きたつむぎ商店について
きたつむぎ商店のお豆腐 — 手間を惜しまない、受け継がれた手しごと
世の中はとても便利になりました。スーパーに行けば食卓に並ぶものは何でも揃い、コンビニでもたいていのものが手に入ります。
それなのに、いまなぜ手作りの豆腐屋なのか。
朝のしずかな台所から、豆腐づくりは始まる
豆腐の仕込みは、まだ街が眠る早朝から。冷たい水と大豆、そしてにがりのご機嫌をうかがいながら、丁寧に豆腐をつくります。

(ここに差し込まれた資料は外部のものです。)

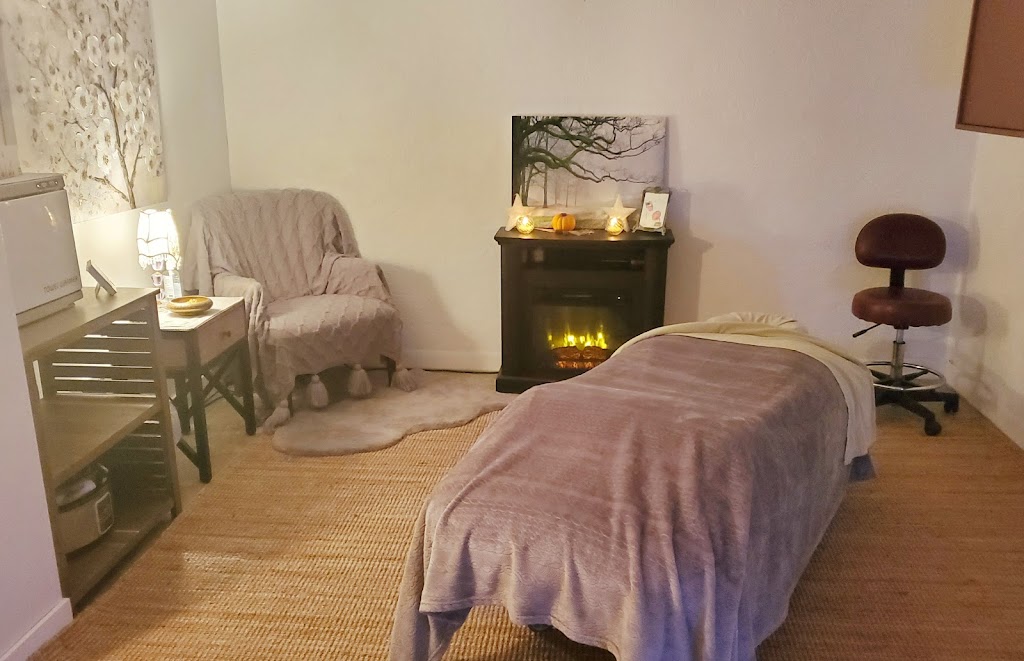 The Stone Lotus Massage Therapies | point of interest | 845 McGregor St, Winnipeg, MB R2V 2H8, Canada | 2042239044 OR +1 204-223-9044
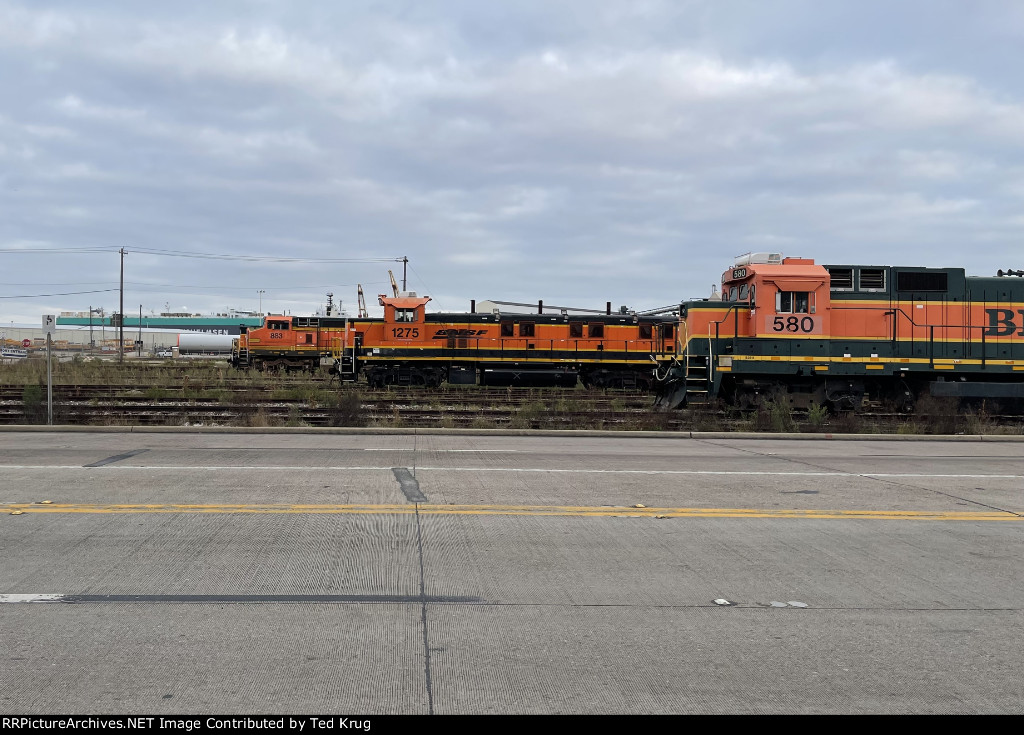 BNSF 580, 1275 & 883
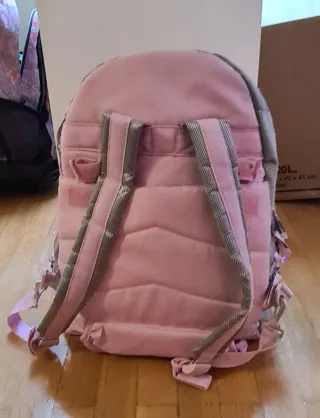 Mochila Umbro gris y rosa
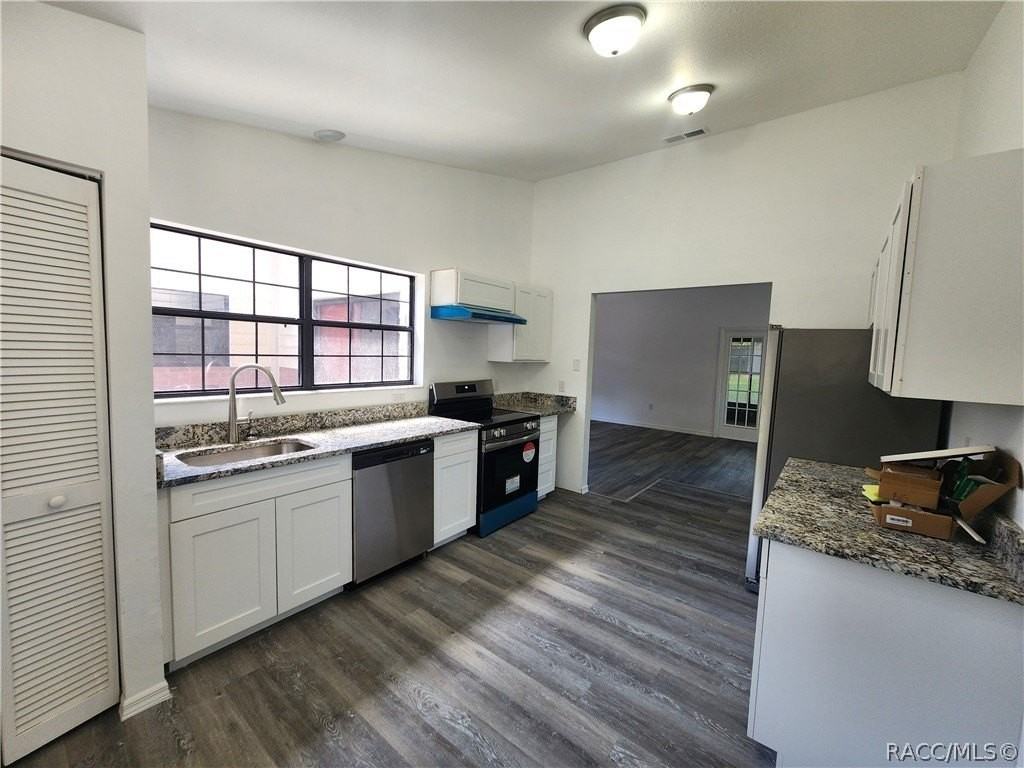 3444 S Apopka Ave - Photo 6 of 21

釜で炊いた大豆から豆乳を抽出し、にがりでやさしく固める。型枠で水分を抜き、固まった豆腐は、冷たく澄んだ水の中でしっかりと締めていきます。
同じ材料でも、同じ豆腐にはならない
豆腐は不思議な食べ物です。毎朝同じように仕込んでいても、まったく同じものはできません。
- 前日の浸水時間で変わる大豆の具合
- その日の水の温度
- にがりを混ぜるときの攪拌のわずかな違い
これらすべてが重なり合い、その日の豆腐の“表情”をつくります。
きりっと固く締まる日もあれば、ふんわりと仕上がる日もある。しかし毎回、豆腐と対話をしながら「今日いちばんおいしい豆腐」を目指して仕込みます。
もし機械化すれば、効率はずっと良くなる。それでも…
もし大きな機械に材料を入れ、スイッチを押すだけですりつぶしから炊き上げ、型入れ、カット、包装までできるとしたら——作業は驚くほど効率的になるでしょう。
それでも、手づくりにこだわる理由があります。
この工程には、“思い”が宿っているからです。
加藤さんが若くして豆腐屋を開業され、50年かけて育ててきた味に、少しでも近づけるように。そしてそのやさしい味を、これからも多くの人に届けられるように。
日ごとに変わる豆腐の表情を楽しんでほしい
時には少し不恰好な豆腐ができることもあります。ひとつひとつ形も違い、同じ日は二度とありません。
豆腐は、その日その日の“季節”を教えてくれる食べ物です。
そんな、小さな違いを含めて楽しんでいただけたら——私たちにとってこれほど嬉しいことはありません。